I have just finished reading John Pilger's collection of some of the best in investigative journalism since the Second World War. Ezra Pound famously said that literature is news that stays news. By that criteria there is a lot of literature here.
There are many crimes outlined here, and in a way that pushes you to face the truth that is often obvious but usually ignored.
Dachau, Hiroshima, McCarthyism, Cambodia, Mai Lai, Beiruit, Rwanda, Checnya, Iraq, how our food is produced, american funerals, how drug companies and governments try to hide their actions behind a wall of disinformation and secrecy etc etc.
The way in which words can be used to hide the truth is examined relentlessly perhaps nowhere better than in an extract from Robert Fisks magesterial Pity the Nation where he stumbles onto the scene of a massacre in a Palestinian refugee camp in Beiruit and meets some eternal companions of death.
"
If we did not move quickly enough, they bit us.
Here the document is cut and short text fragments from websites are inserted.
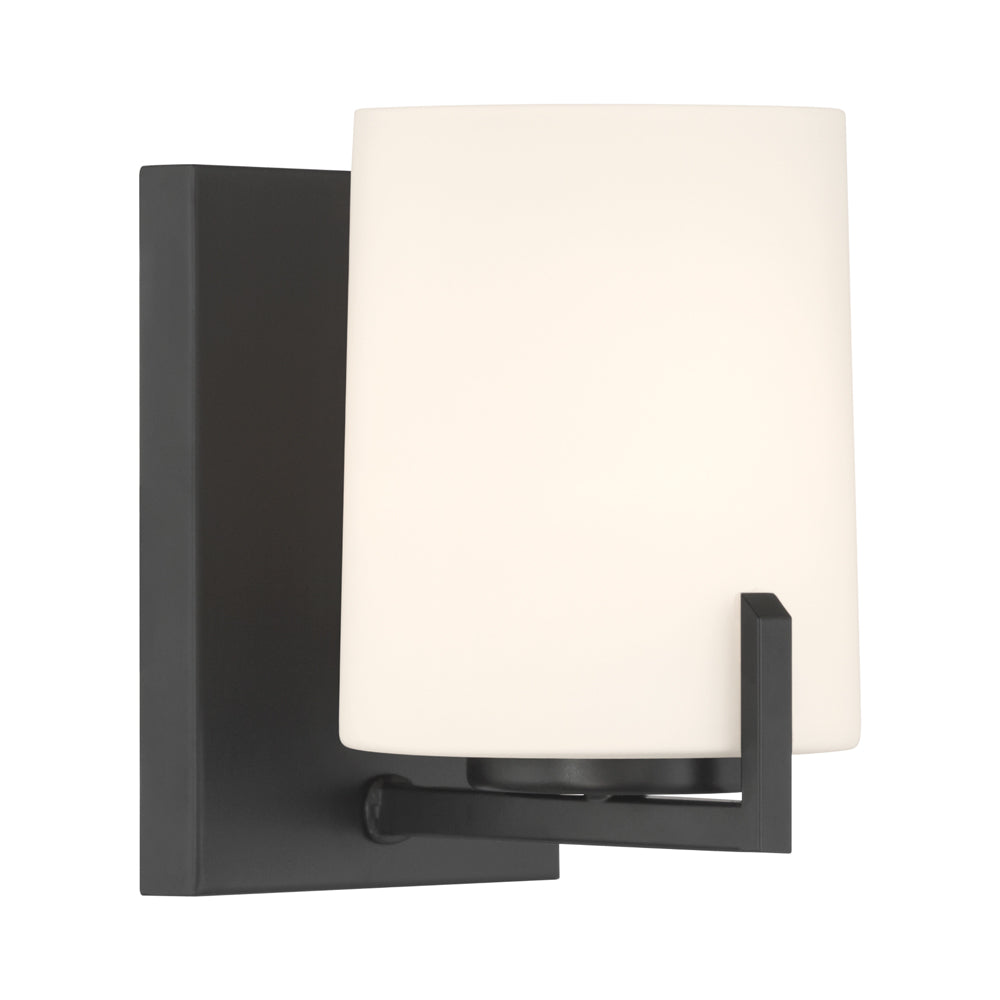 Mirelle Bath Wall Light in Detail.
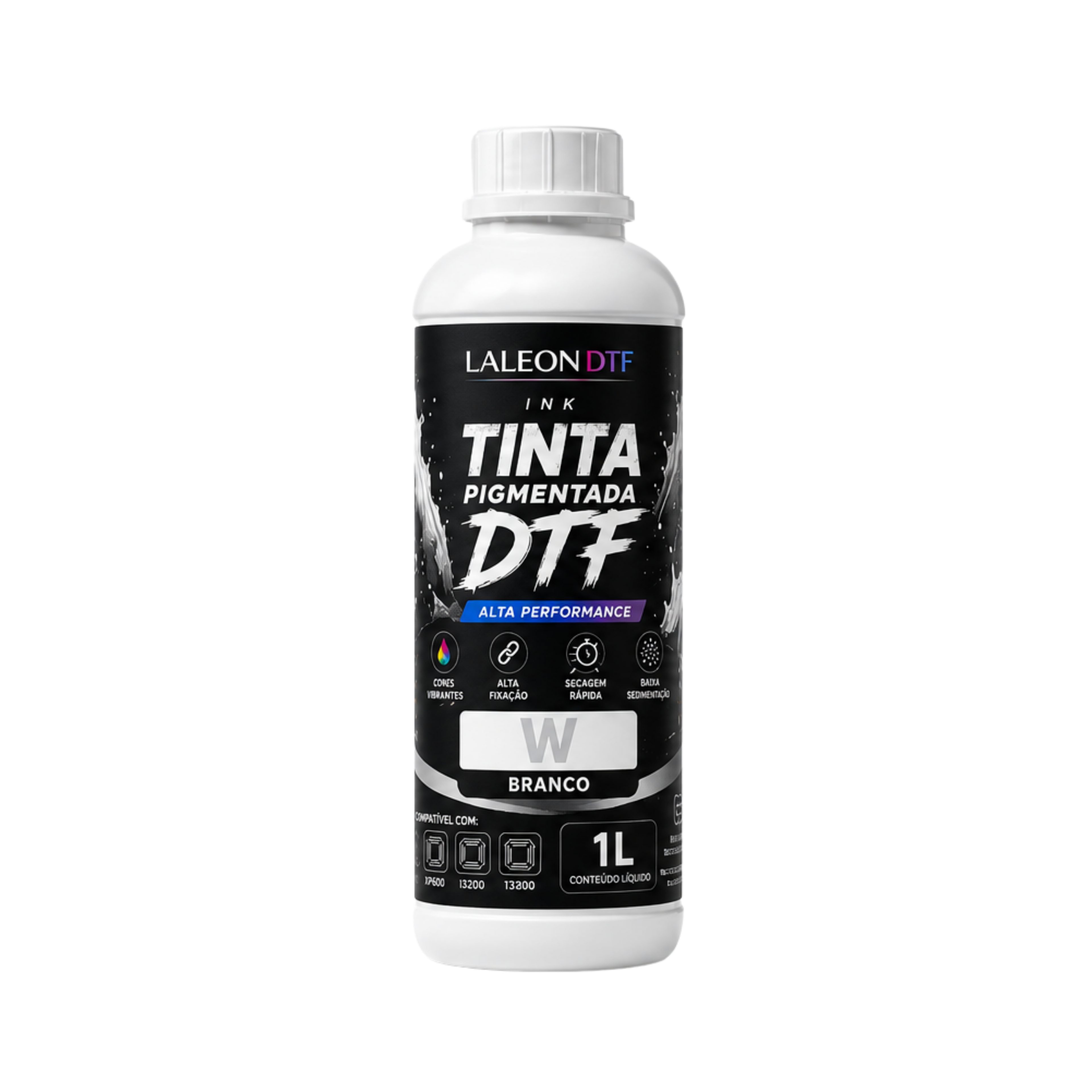 Tinta White - Branco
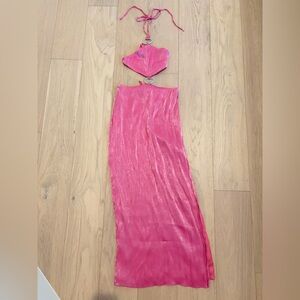 Baobab Dress- Size XS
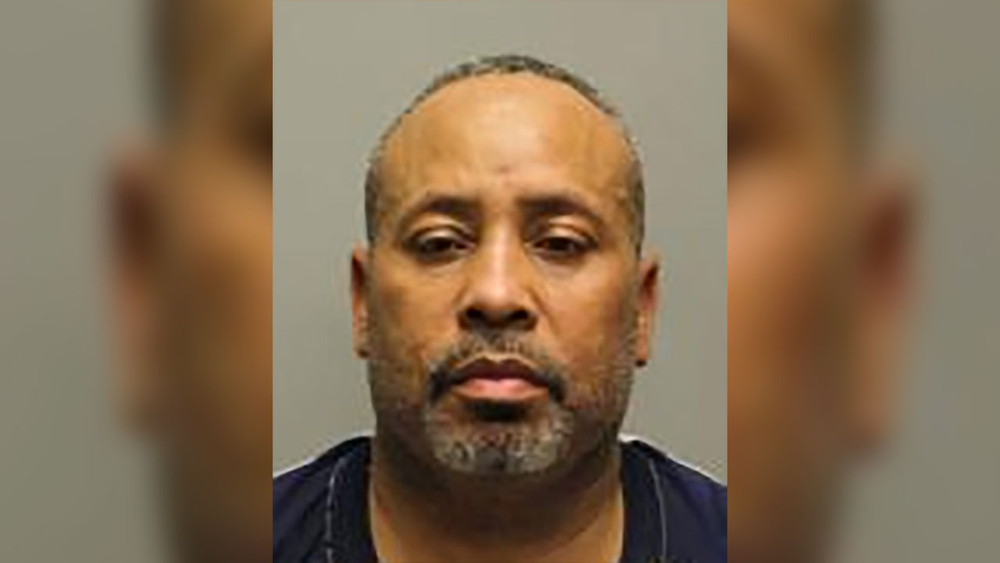 Former HPD officer among those arrested in prostitution sting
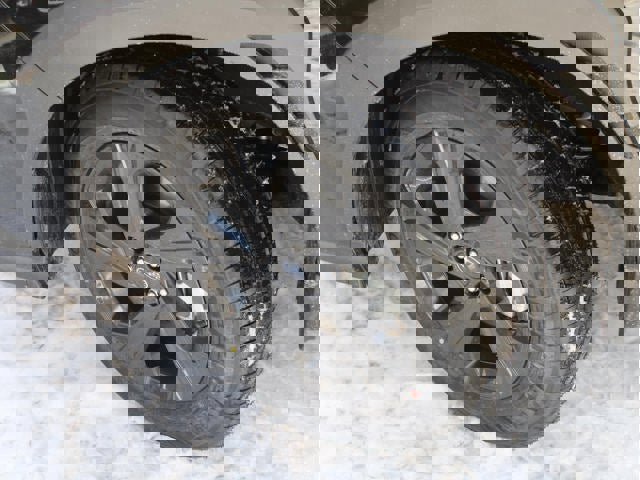 New 2026 Subaru Crosstrek 2.5i image 24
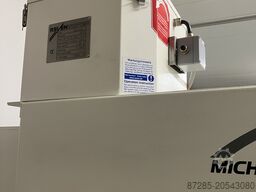 Michael Deckel Isog Fortis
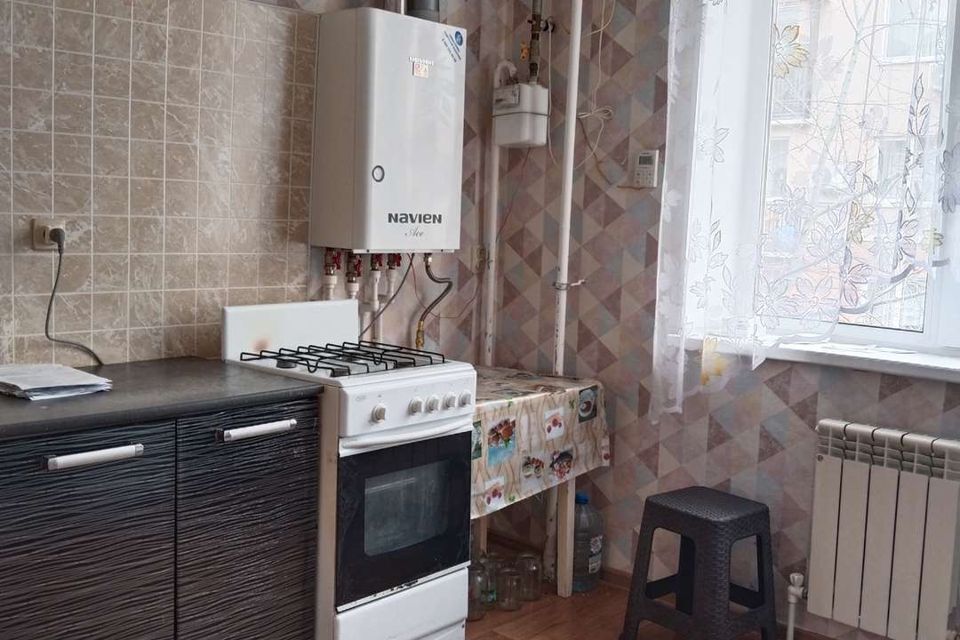 Продаётся 1-комнатная квартира, 29.9 м²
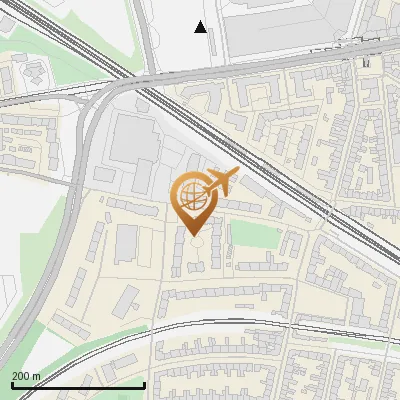 Foto zu Gießener Straße 48, 51105 Köln
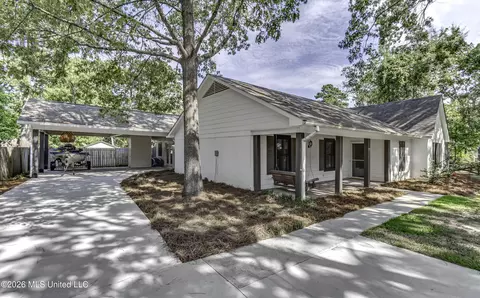 Exterior - 103 Falcon Ct, Brandon, MS 39047 photo 3 of 16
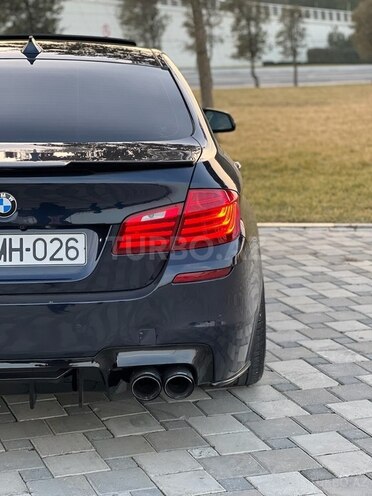 BMW 528 2014, 90,000 km - 2.0 l - Bakı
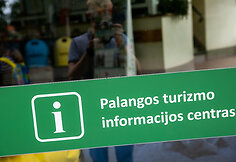 Palangos turizmo ir informacijos centras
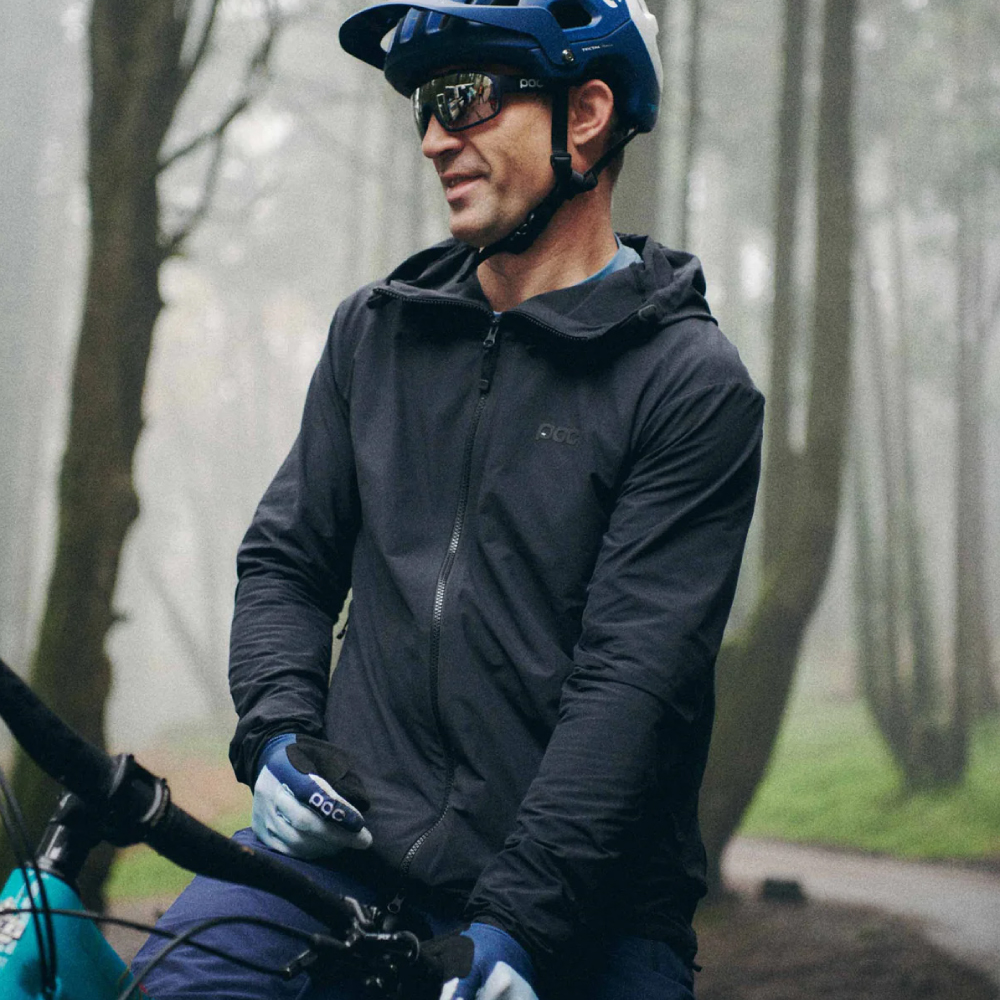 新品 未使用 POC TRANSCEND PANT Mサイズ ブラック 自転車 Men's Transcend Pant in Uranium Black | Cycling Apparel | POC (JP)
Mostly they stayed around our heads in a grey cloud, waiting for us to assume the generous stillness of the dead. They were obliging, these flies, forming our only physical link with the victims who lay around us, reminding us that there is life in death. Someone benefits. The flies were impartial. It mattered not the slightest that the bodies here had been victims of mass murder. The flies would have performed in just this way for the unburied dead of any community. Doubtless it was like this on hot afternoons during the Great Plague."